Amazon — Selling what it makes.

From the WSJ as it looks into Amazon’s recent announcements about ‘new’ products… Inc. in the coming weeks is set to roll out new lines of private-label brands that will include its first broad push into perishable foods, according to people familiar with the matter. The new brands with names like Happy Belly, Wickedly Prime and Mama Bear will include nuts, spices, tea, coffee, baby food and vitamins, as well as household items such as diapers and laundry detergents, these people said. The first of the brands could begin appearing on Amazon’s namesake site as soon as the end of the month or early June, said one of the people…
Consumers have warmed to private-label brands since the days of generically named products sold in plain white packaging. Today, retailers from Wal-Mart Stores Inc. to Sephora to Dean & DeLuca sell a range of in-house brands that some may even view as higher quality. Store brands reached $118.4 billion in U.S. sales last year, up about $2.2 billion from the prior year, according to the Private Label Manufacturers Association.

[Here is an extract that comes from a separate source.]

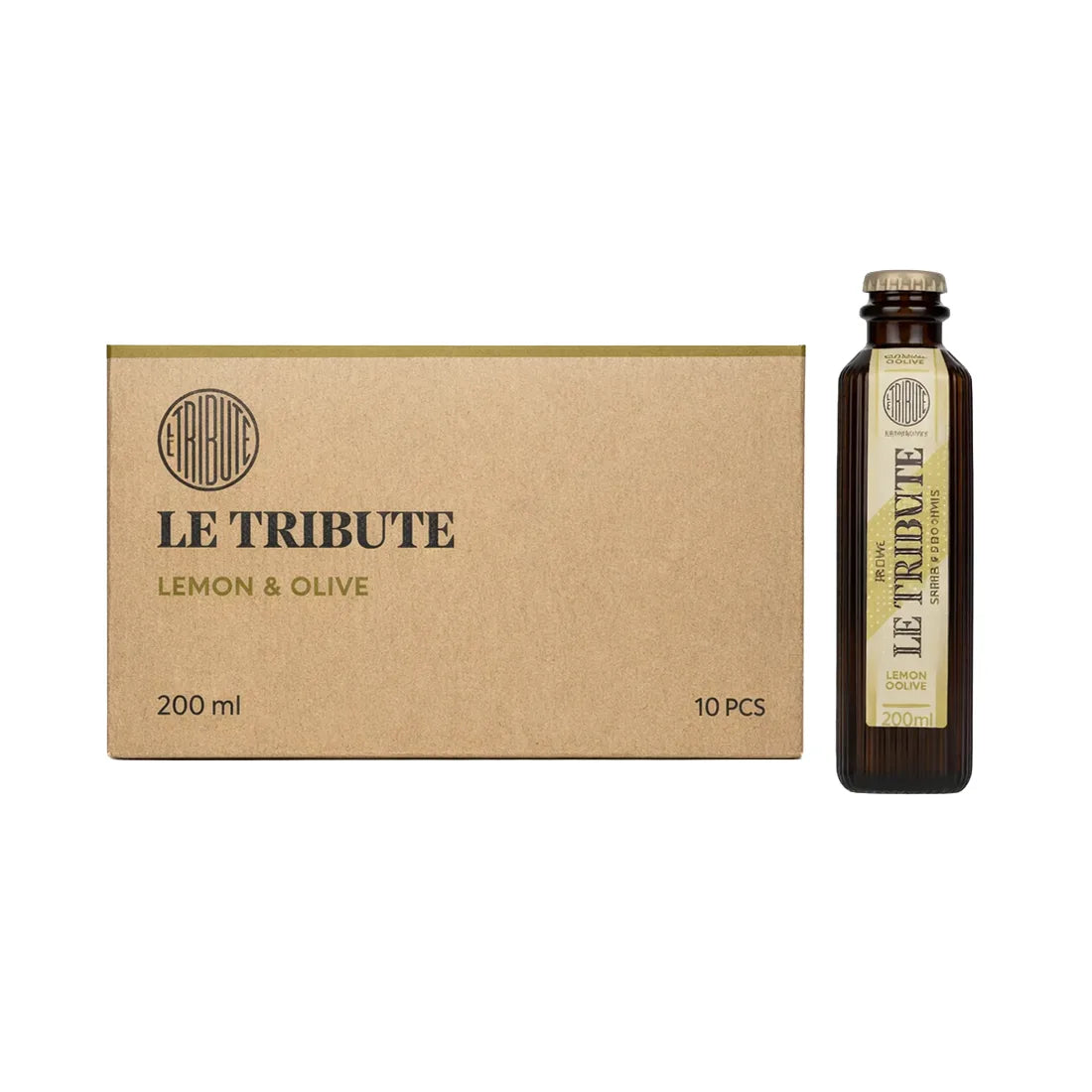 Le Tribute Olive Lemonade 0,2l pack of 10 bottles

As this story continues to developed I am constantly curious about all the other products that Amazon has made over the past few years… I don’t remember the last HDMI cable that actually had a brand name on it … Amazon Basics seems to have been around for a long time… so why is this such a big deal?

Well here is the thing, at least in my mind…

The store shelf is no longer.

Yea, may not seem like a big deal, but it is when you think about all the other things that come along with these agreements… the potential is massive.

Since the beginning, CPG brands have been playing the retail game… leveraging their size to get the best shelf / floor space and making end-caps BEAUTIFUL. “You want Tide? Well we need this entire space… and yea, you can’t sell anything else” But as Amazon enters this market, it avoids this problem all together.

The other thing it avoids — Advertising. The platform is the most widely shopped online retail locations… so why bother?

As mentioned, Amazon has a few key things going for it— Shelf space, full control of the shopping experience and sheer size (only outpaced by Walmart).

As these products roll out, we will quickly see other brands try to find ways to complete… As the isle in-store becomes less and less relevant.

Much more on this, obviously. Just the beginning.